TASK BRIEF:
Please produce a character-exact copy of the listing that follows, omitting all images.

DATA SECTION:
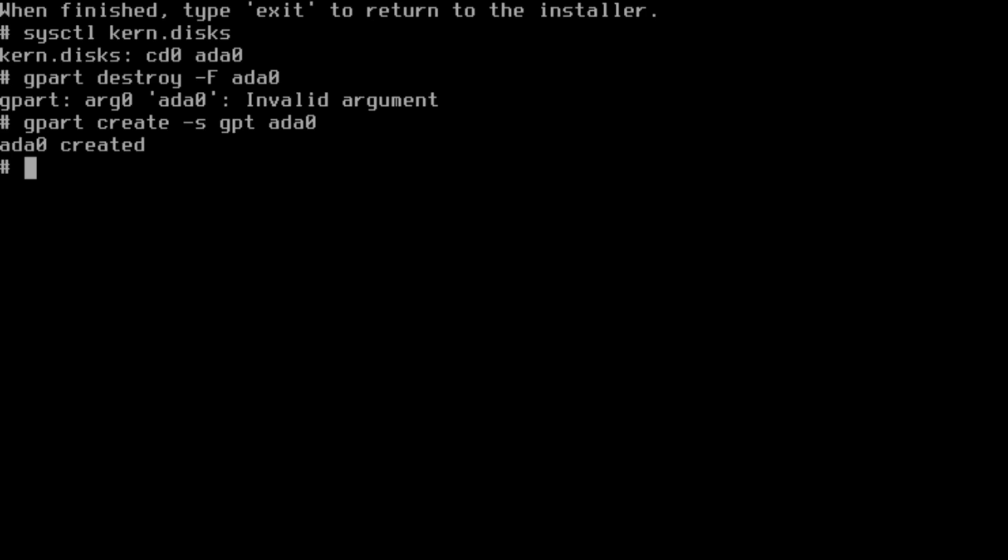The EFI boot partition, then I'm going to make the swap space, and then I'm going to make the ZFS file system itself. We're going to break up the ZFS file system in a very basic desktop way.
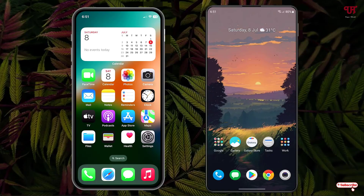Hello everyone, it's me Jebi from Inic Tutorials. Today in this video I'll show you how to get iPhone-like recent apps layout in Samsung smartphones running One UI. So stay tuned, let's begin.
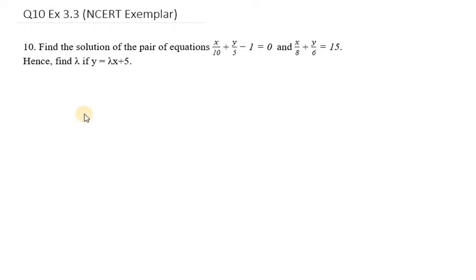Hello everyone, let's start with question number 10, exercise 3.3. It is from NCERT Exemplar. So let's start with it.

WORKED SOLUTION:
The EFI boot partition, then I'm going to make the swap space, and then I'm going to make the ZFS file system itself. We're going to break up the ZFS file system in a very basic desktop way.
Hello everyone, it's me Jebi from Inic Tutorials. Today in this video I'll show you how to get iPhone-like recent apps layout in Samsung smartphones running One UI. So stay tuned, let's begin.
Hello everyone, let's start with question number 10, exercise 3.3. It is from NCERT Exemplar. So let's start with it.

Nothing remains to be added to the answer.